[EXERCISE DESCRIPTION]:
Once you reach the line with "At this point", copy it and every line after it exactly, up to the end of the data. Omit the pictures.
◆ ◆ ◆ ◆ ◆ ◆ ◆
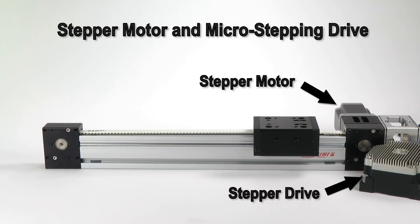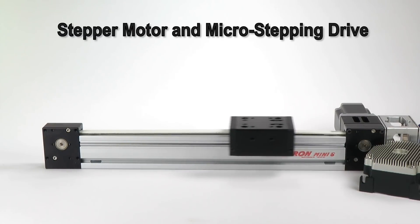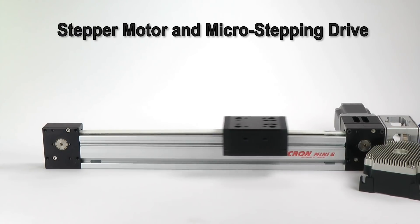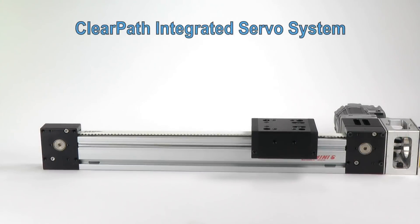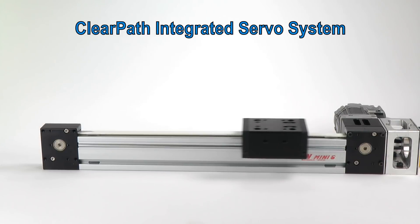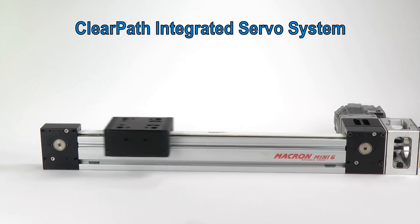First, a slow move with the stepper. We're microstepping this motor 16x to reduce noise and vibration, but at relatively low speed, steppers can be pretty noisy. Here's the ClearPath motor at the same speed. The motor's construction and servo algorithm allow the motor to be very quiet — you're really only hearing the bearings on the stage.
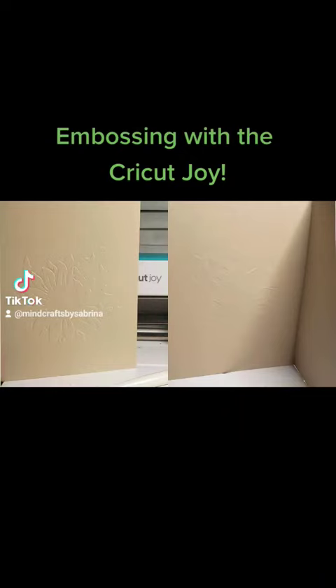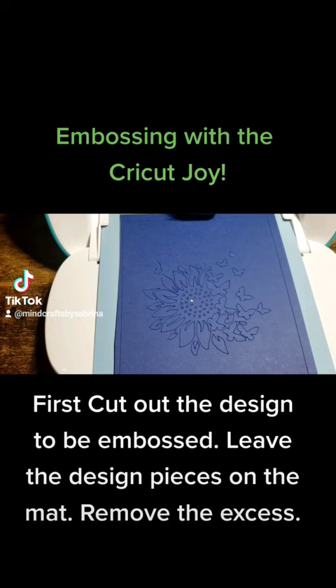Embossing with the Cricut Joy. First, cut out the design to be embossed. Leave the design pieces on the mat, then remove the excess.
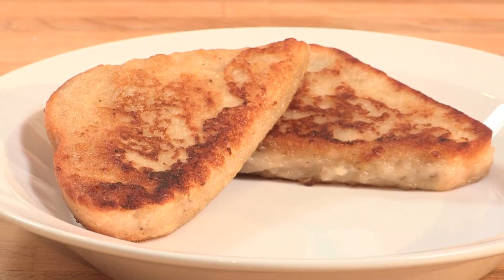Traditionally, French toast is made with eggs and it makes the bread quite sweet. In our vegan recipe, we're actually going to substitute the eggs for bananas. So what we have is two to three bananas, a pinch of allspice, three quarters of a cup of almond milk, and some vanilla essence.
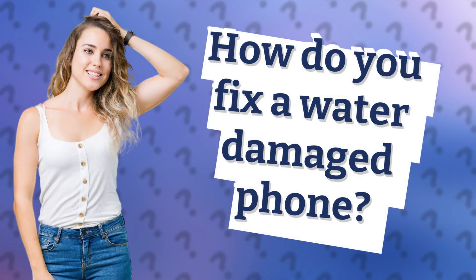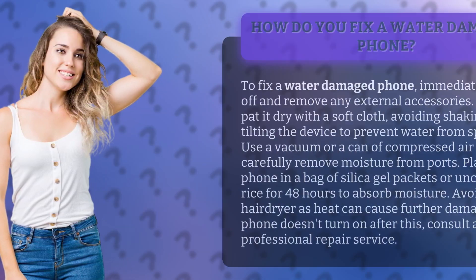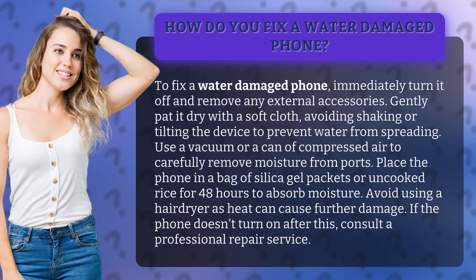How do you fix a water-damaged phone? To fix a water-damaged phone, immediately turn it off and remove any external accessories. Gently pat it dry with a soft cloth.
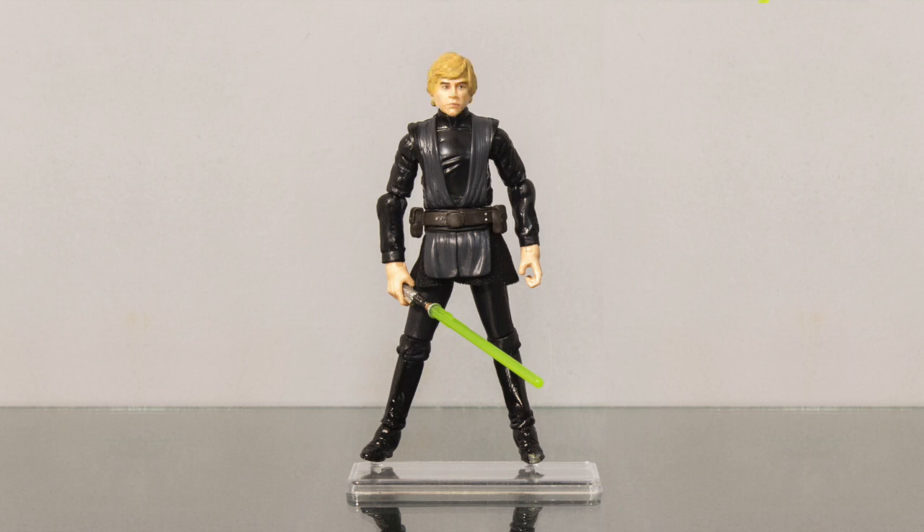Now for the glove. There are two ways you could address this. You could hand paint it, or you could do a hand swap from the Endor Luke. What I did was I actually taped off his arm, separated it so it's just his hand, covered up everything else, and spray painted the hand. Let it dry for 24 hours. And it looks just like a glove.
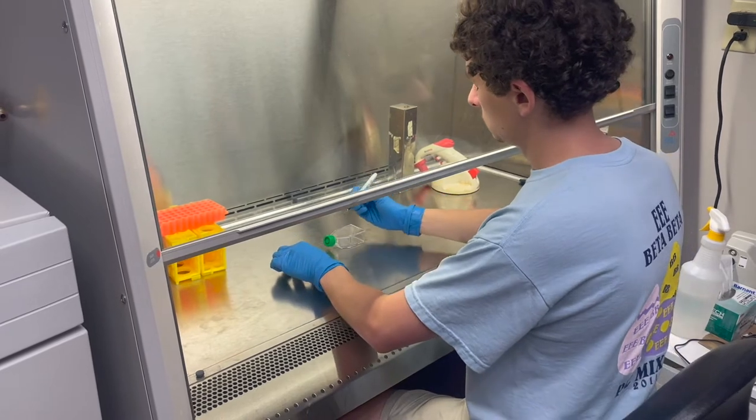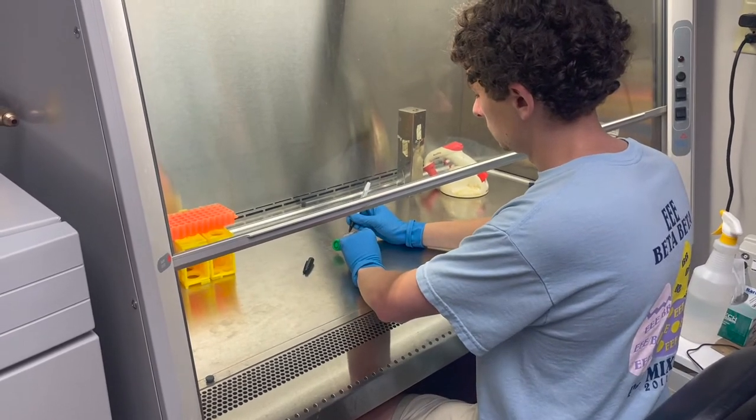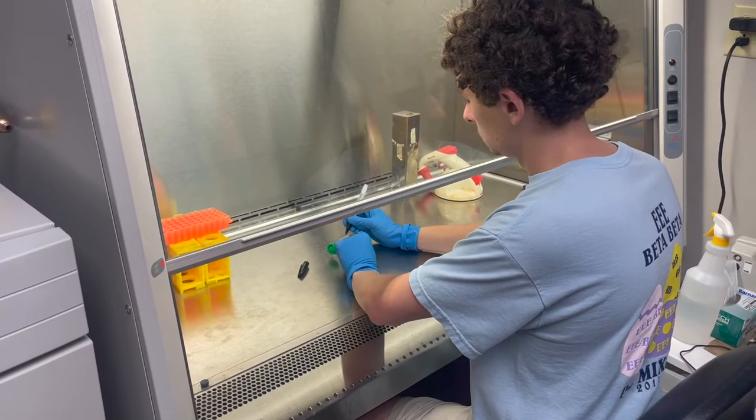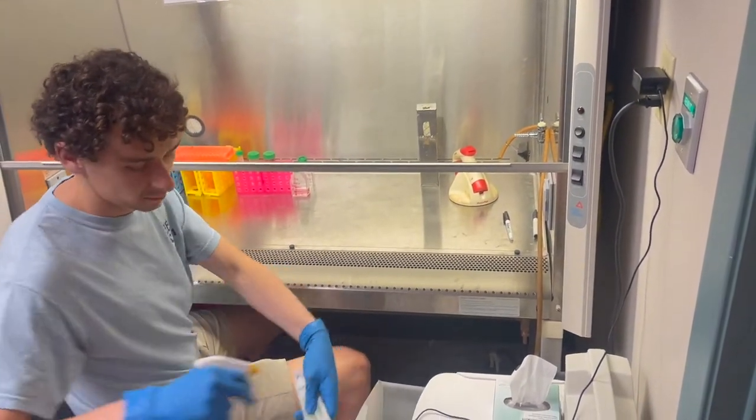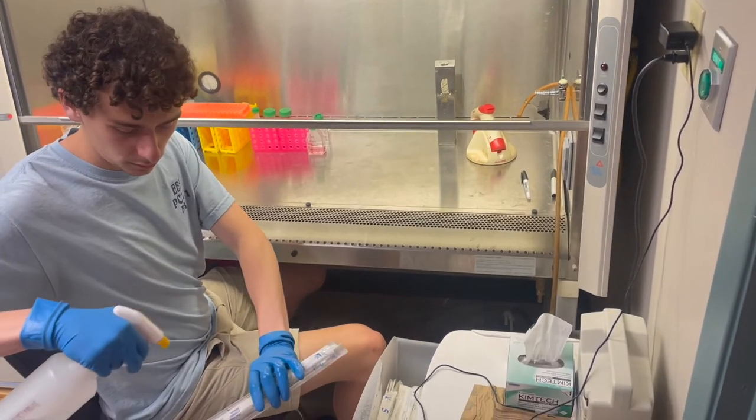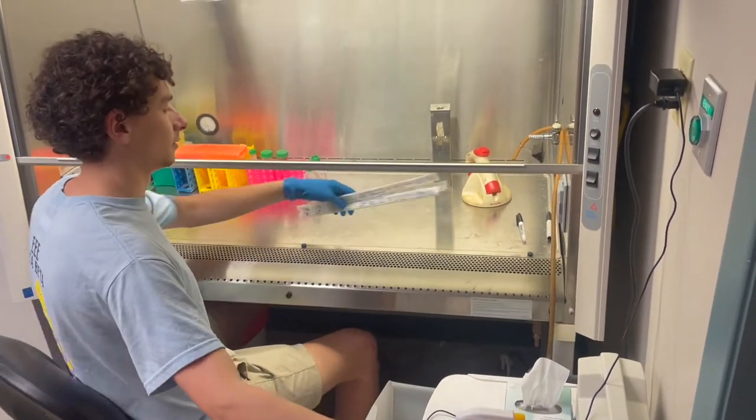Label a new flask with your initials, cell line, date, and passage number. Remember to spray items with alcohol before placing them inside the hood. See the cell culture best practices video for more detailed instructions on proper hood technique.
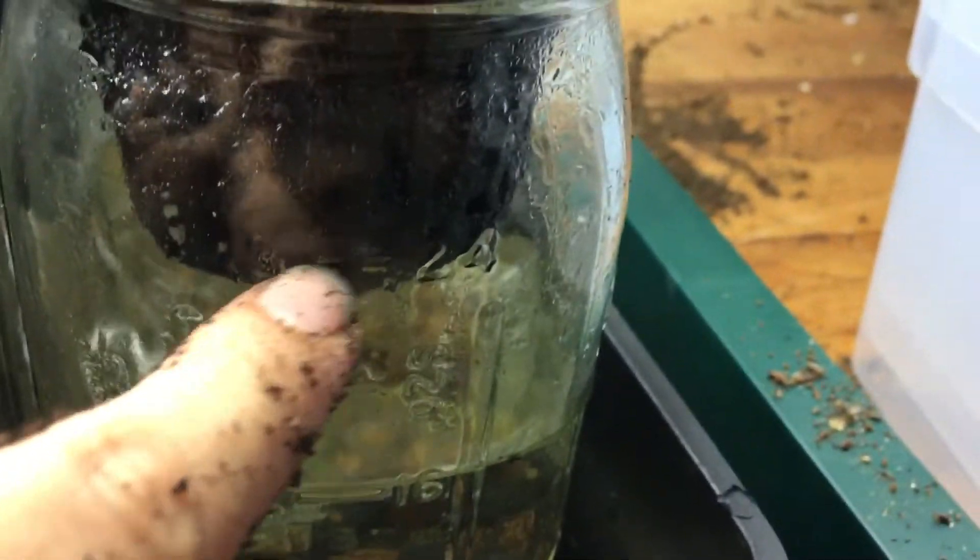At this point I want to add water until the first true leaves grow in. You want to fill it up so the water is touching the very bottom of the net cup. Let's quickly do this part and then transplant some seedlings.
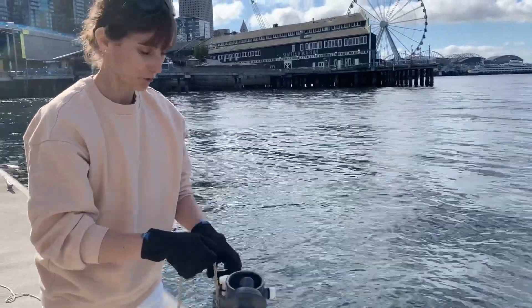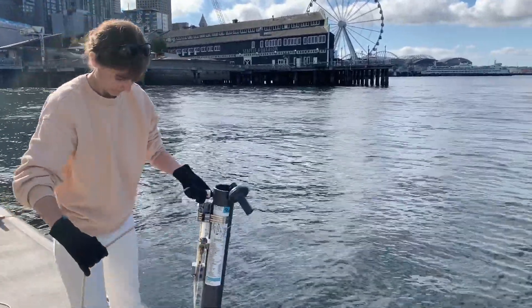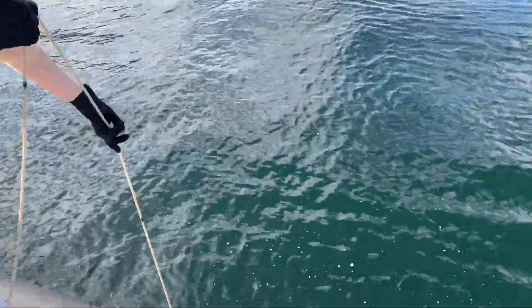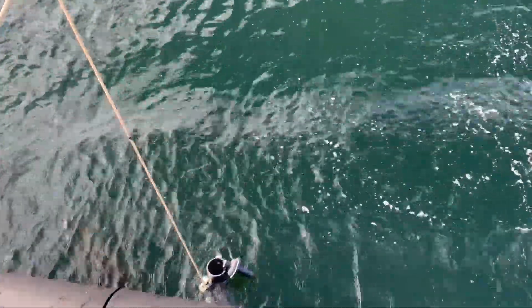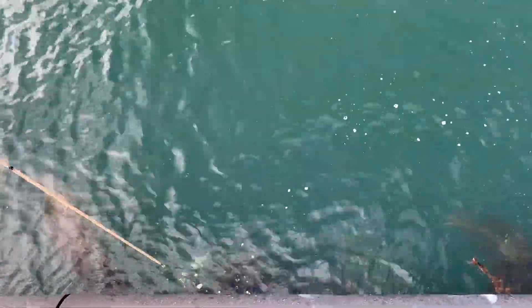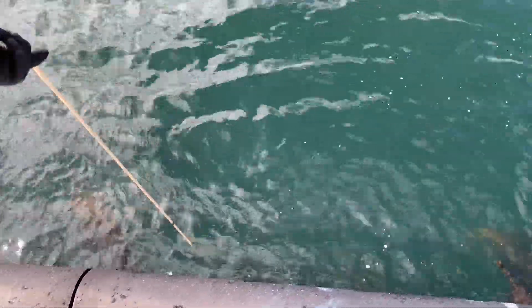I'm going to send it down to five meters. Okay, so now it's right at the surface — if we wanted a sample of surface seawater we could close it now — but we are going to go down to five meters. I'm going to lower it down. There's the first mark right at the water surface, so now it's at one meter. There's two, three, four, five meters, depending on the waves.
◆ ◆ ◆ ◆ ◆ ◆ ◆
[ANSWER BOX]:
At this point I want to add water until the first true leaves grow in. You want to fill it up so the water is touching the very bottom of the net cup. Let's quickly do this part and then transplant some seedlings.
I'm going to send it down to five meters. Okay, so now it's right at the surface — if we wanted a sample of surface seawater we could close it now — but we are going to go down to five meters. I'm going to lower it down. There's the first mark right at the water surface, so now it's at one meter. There's two, three, four, five meters, depending on the waves.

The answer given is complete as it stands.